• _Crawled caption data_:
_ _ _ _ _

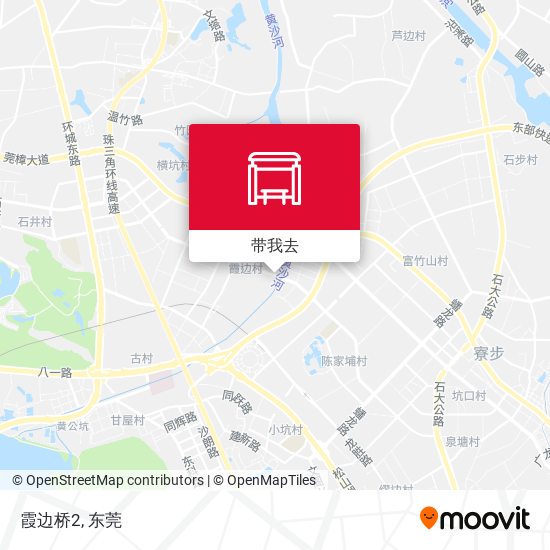 霞边桥2地图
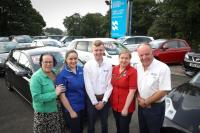 ‘An incredibly difficult year’: Northern Ireland family-run car dealership turns heartbreak into fundraiser in memory of 29-year-old Alex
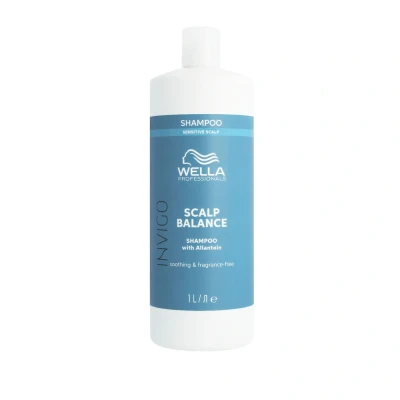 Afbeelding van Wella Professionals Invigo Scalp Balance Shampoo Gevoelige Hoofdhuid 1000 ml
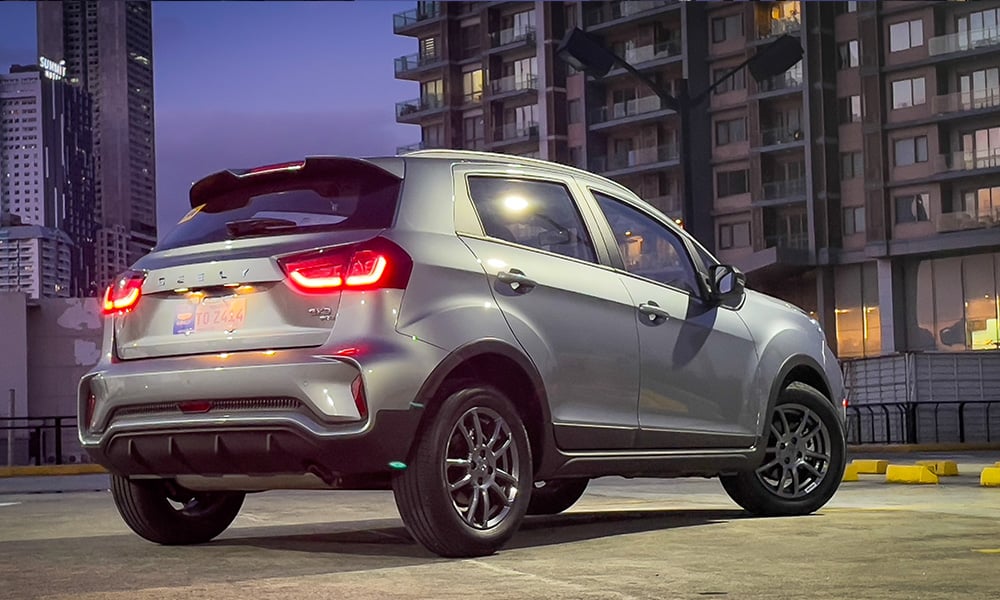 geely gx3 pro comfort: a well-rounded subcompact crossover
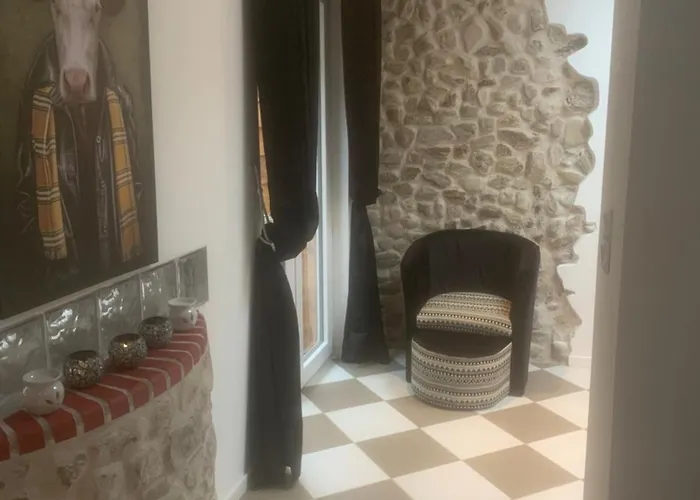 Апартаменты Loft Annexe De La Villae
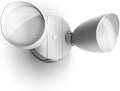 White Dual Head Full Metal LED Outdoor Security Flood Light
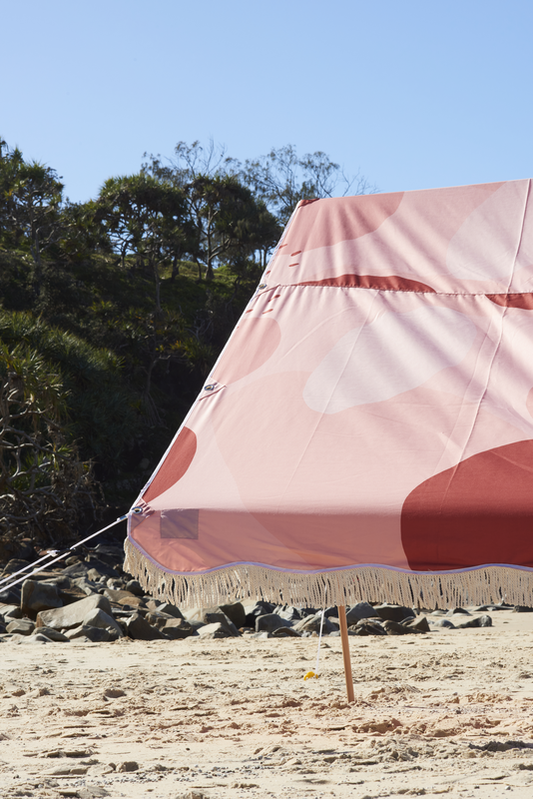 Beach Tent - Cable Beach Pink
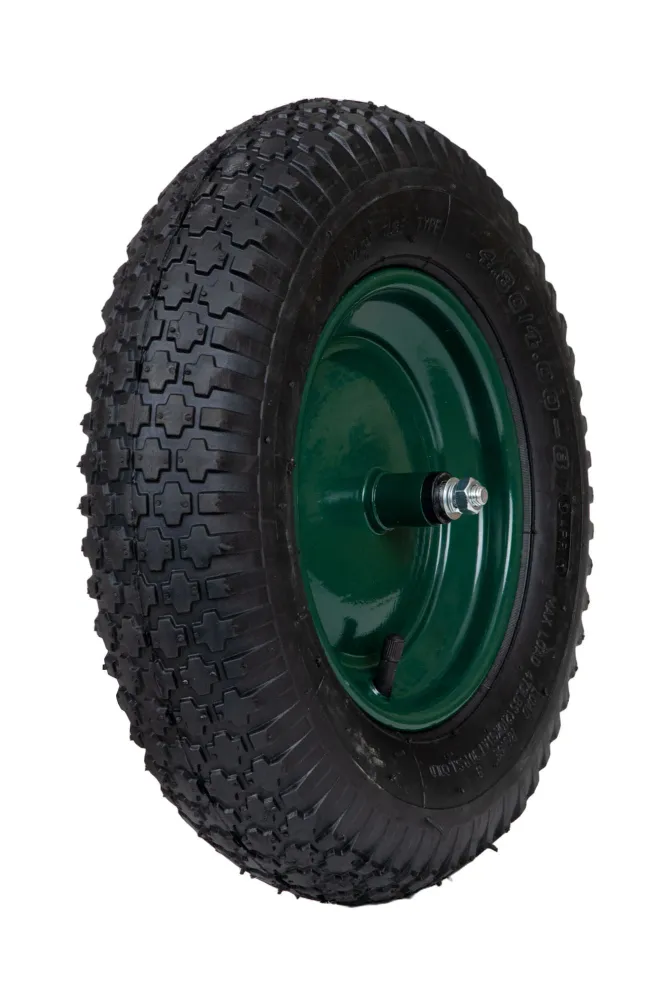 Roata roaba - TT - 4.00-8 - INCLUDE AX 14x140mm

_ _ _ _ _

• _DIRECTIONS FOR THIS TASK_:
Starting at the line that contains "Beach Tent - Cable Beach Pink", return every line through the end of the records above exactly as written, and return no pictures.

• _EXERCISE RESPONSE_:
 Beach Tent - Cable Beach Pink
 Roata roaba - TT - 4.00-8 - INCLUDE AX 14x140mm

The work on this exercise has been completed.